How does a banker acquire additional reserves to cover new loans?  There are three 
possibilities.  One is to borrow from the Federal Reserve.  The Federal Reserve can 
make loans to banks, although they don't really make very many loans to banks.  
Sometimes the Fed is regarded as the lender of last resort.  So, although possible, 
that's what typically happens.  A second possibility is for the bank to sell some of 
its government securities and deposit the proceeds with the Fed.  That would 
increase actual and excess reserves.  But, government securities are a source of 
earnings for the bank so that isn't done too often.

What typically happens is that banks who are short of reserves borrow reserves from 
banks that have more reserves than they need.  These are overnight loans.  The Walden 
bank would borrow from some other bank to cover the loan they made to me and then 
repay the loan the next day, including interest.   On any given day, some banks will 
face a reserve shortage while others have a reserve surplus.  That depends on the 
dollar value of checks are written against a bank and the dollar value of checks 
deposited in a bank.  This is a computerized market and it's called the Federal 
Funds market
.  That's an odd term; it is shorthand for Federal Reserve funds.  The 
interest rate is the federal funds rate and, as we will see later, the Fed is very 
interested in the federal funds rate.  It is an important part of monetary policy.

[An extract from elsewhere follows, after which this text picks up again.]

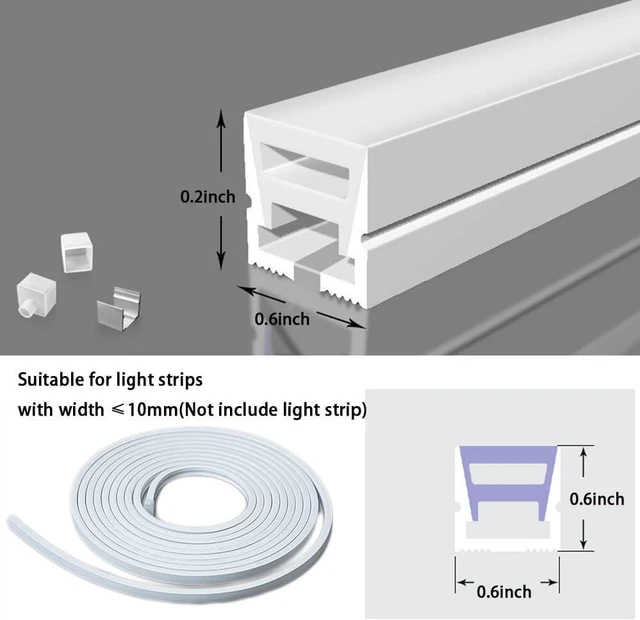 Alt view image 4 of 6 - 196inch Silicone LED Diffuser Channel, Flexible LED Diffuser Waterproof LED Strip Lights Tube Silicone Cover for 10mm Led Strip Lights (16 x 16mm)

A comment on bank failures

Banks, like any private business, can and do fail.  During the great depression of the 
1930s, over 9000 banks failed.  In the 1970s a number of savings and loans also failed.  
Depositors, however, do not assume any risk with a bank, because bank deposits are 
insured by the Federal Deposit Insurance Corporation (FDIC) for deposits up to $100,000. 
That was started by Congress during the great depression.  Banks pay premiums for 
this insurance to the FDIC--but those premiums aren't adjusted for how many risky loans 
a bank makes.  Many think the premiums should be risk adjusted.  Savings and loans 
are insured by the Federal Savings and Loan Insurance Corporation (FSLIC).  When 
many of them failed in the 1970s, the FSLIC ran out of funds and the federal government 
paid for costly bail outs.  

The Federal Reserve System 

Now we turn our attention to the sometimes mysterious world of the Federal Reserve.  
The Fed was created by Congress in 1913.  It is a central bank, and it is a bankers' bank.  
Banks do the same kinds of business with the Fed that you and I do with a commercial 
bank.  They keep deposits there and they can, as noted above, borrow from the Fed.  
Broadly speaking, there are two purposes of the Fed.  One is service functions and the 
other, more importantly for us, is monetary control.  Unlike other government agencies, 
there are no checks and balances for the Federal Reserve.  Neither the Congress nor 
the president can veto their actions.  They play a role in determining who the board 
members are, as noted below.  But that's all.  I guess in one sense Congress could 
play a role.  Congress created the Fed, so it could get rid of it or modify its structure--
but there is a near zero chance of that happening.

Functions of the Fed

We look briefly at the Fed's main functions:

  • Clearing checks, as we saw earlier
  • Holding bank reserves, as we also saw earlier
  • Providing currency
  • Making loans to banks (sometimes)
  • Supervising and regulating banks
  • Framing and executing monetary policy

The currency you carry says "Federal Reserve Note" on it.  The currency is a liability 
of the Federal Reserve, although you can't redeem it for anything.  It used to be that 
there had to be gold backing part of the currency, but not any more.  As we saw 
earlier, currency discharges its functions because we have confidence that 
it will.

How is the Fed organized?

At the top of the Fed's structure is the board of governors.  The board consists of 
seven members, appointed by the president with the consent of the senate.  They 
are appointed for fourteen year terms so a newly elected president cannot simply 
sweep them all away and appoint members of his own choosing.  A member cannot 
be reappointed to a second fourteen year term, however.  They can only by removed
by impeachment, which has never happened.  This insulates the board from 
political whims.  

One of the board members is the chair.  He or she is also appointed by the president 
with the consent of the senate.  The chair is appointed for a four year term, and is 
regarded by many as a person of great economic power--more than the president.  
For almost 20 years, the chair of the board was Alan Greenspan--a colorful person 
and one generally held in high esteem by most.  He was appointed in 1987 by President 
Reagan to fill an unexpired term.  He was reappointed chair by Bush, Clinton and Bush II. 
Greenspan has a doctorate in economics, as do six of the seven governors. The 
current chair, appointed last year to that position, is Ben Bernanke. 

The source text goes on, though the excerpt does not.